Il sito green dà ai suoi fruitori l’opportunità di aiutare l’ambiente senza spendere un centesimo e senza compromettere la qualità della ricerca; dal suo canto ottiene un contributo economico dagli sponsor ogni qual volta gli utenti cliccano sui link delle aziende pubblicizzate: «Grazie ai link sponsorizzati, i motori di ricerca guadagnano miliardi ogni anno», dichiara il fondatore Christian Kroll. 29 anni, nato a Wittenberg, nel Sachsen-Anhalt – ai tempi Germania dell’Est, ndr -, ha studiato gestione aziendale a Norimberga ma poi si è “convertito” all’ambiente.

Christian Kroll

«Ho viaggiato per il mondo dopo aver studiato e ciò mi ha aperto gli occhi. Da allora cerco di risolvere i problemi nel mondo». Ha cominciato, quindi, a viaggiare e lungo i suoi numerosi itinerari si è dedicato alla lettura ecologista. «Specialmente “The World is Flat” (in Italiano “Il mondo è piatto, breve storia del ventunesimo secolo”), dal quale ho appreso che il 20% delle emissioni di CO2 è causato dalla deforestazione delle foreste pluviali».

Kroll ha sempre lavorato molto con internet; «e quando la coscienza ambientale è cresciuta – racconta Kroll – mi è venuta l’idea di creare un sito che aiutasse l’ambiente». Secondo i suoi calcoli di se solo l’1% degli utenti di internet usasse Ecosia, ogni anno si potrebbe salvare una foresta pluviale grande quanto la Svizzera. 

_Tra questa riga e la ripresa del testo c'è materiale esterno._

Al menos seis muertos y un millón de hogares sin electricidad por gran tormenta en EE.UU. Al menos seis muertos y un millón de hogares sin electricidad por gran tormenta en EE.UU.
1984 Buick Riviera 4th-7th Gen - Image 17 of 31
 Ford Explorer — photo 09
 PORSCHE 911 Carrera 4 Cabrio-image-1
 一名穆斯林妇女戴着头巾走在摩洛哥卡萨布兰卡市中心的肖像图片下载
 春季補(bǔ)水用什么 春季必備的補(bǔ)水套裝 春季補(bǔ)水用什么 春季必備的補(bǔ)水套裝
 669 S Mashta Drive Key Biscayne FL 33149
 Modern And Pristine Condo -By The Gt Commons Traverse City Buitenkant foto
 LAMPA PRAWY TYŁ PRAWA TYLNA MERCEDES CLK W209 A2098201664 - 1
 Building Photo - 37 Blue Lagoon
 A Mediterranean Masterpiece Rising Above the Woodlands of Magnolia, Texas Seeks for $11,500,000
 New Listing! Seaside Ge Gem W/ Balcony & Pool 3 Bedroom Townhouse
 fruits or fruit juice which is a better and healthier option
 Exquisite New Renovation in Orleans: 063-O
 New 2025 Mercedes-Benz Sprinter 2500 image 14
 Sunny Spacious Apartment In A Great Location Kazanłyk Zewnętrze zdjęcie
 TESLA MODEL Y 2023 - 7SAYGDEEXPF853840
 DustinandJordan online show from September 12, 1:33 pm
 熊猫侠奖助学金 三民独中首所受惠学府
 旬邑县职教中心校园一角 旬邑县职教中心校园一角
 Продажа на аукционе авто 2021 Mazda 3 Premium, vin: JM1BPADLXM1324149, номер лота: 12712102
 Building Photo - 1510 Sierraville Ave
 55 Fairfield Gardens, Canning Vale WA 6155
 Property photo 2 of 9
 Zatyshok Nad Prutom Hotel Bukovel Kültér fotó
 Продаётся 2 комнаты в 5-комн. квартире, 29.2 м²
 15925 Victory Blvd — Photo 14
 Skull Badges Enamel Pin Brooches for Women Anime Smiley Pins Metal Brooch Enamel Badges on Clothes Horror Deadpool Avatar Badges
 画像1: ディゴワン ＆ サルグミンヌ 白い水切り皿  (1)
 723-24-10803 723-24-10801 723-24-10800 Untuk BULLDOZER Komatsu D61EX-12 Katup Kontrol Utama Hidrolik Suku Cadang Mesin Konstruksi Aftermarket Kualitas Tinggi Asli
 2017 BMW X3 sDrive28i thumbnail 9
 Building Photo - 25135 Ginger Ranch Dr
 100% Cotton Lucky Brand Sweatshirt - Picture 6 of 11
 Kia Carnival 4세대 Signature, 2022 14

Dopo mesi di sviluppo, Ecosia ha lanciato una versione completamente rivista del suo search engine, caratterizzata da un netto miglioramento dei risultati di ricerca che le permettono di competere con il meglio, rendendola una vera e propria alternativa a Google & Company. «Da adesso, non c’è più motivo di cercare con Google – chiosa Kroll -. Ecosia offre risultati dello stesso calibro e aiuta a combattere il cambiamento climatico allo stesso tempo», – ha puntualizzato il fondatore di Ecosia.

Christian e Piotr al lavoro

L’obiettivo di Ecosia per il prossimo futuro è piantare un milione di alberi nell’anno venturo. Per lo scopo, il portale green ha chiesto la collaborazione di The Nature Conservancy, nota organizzazione di protezione ambientale; e prevede di donare un totale di 1milione di dollari al programma di riforestazione dell’organizzazione Plant A Billion Trees”, sempre nel corso dei prossimi dodici mesi. Una bella cifra «ma cerchiamo di fare del bene il più possibile. A Ecosia non interessa la massimizzazione dei profitti». Quanto agli alberi, «siamo già sulla buona strada, ne piantiamo uno ogni 73 secondi». Per garantire piena trasparenza circa le donazioni, l’azienda pubblica le ricevute e le certificazioni di donazione ogni mese.

Lo stesso portale è totalmente CO2 neutrale, i server sono alimentati a energia verde, conclude Christian Kroll, «neutralizziamo persino le emissioni causate dal dispositivo dell’utente. Usiamo un progetto gold-standard per la neutralizzazione».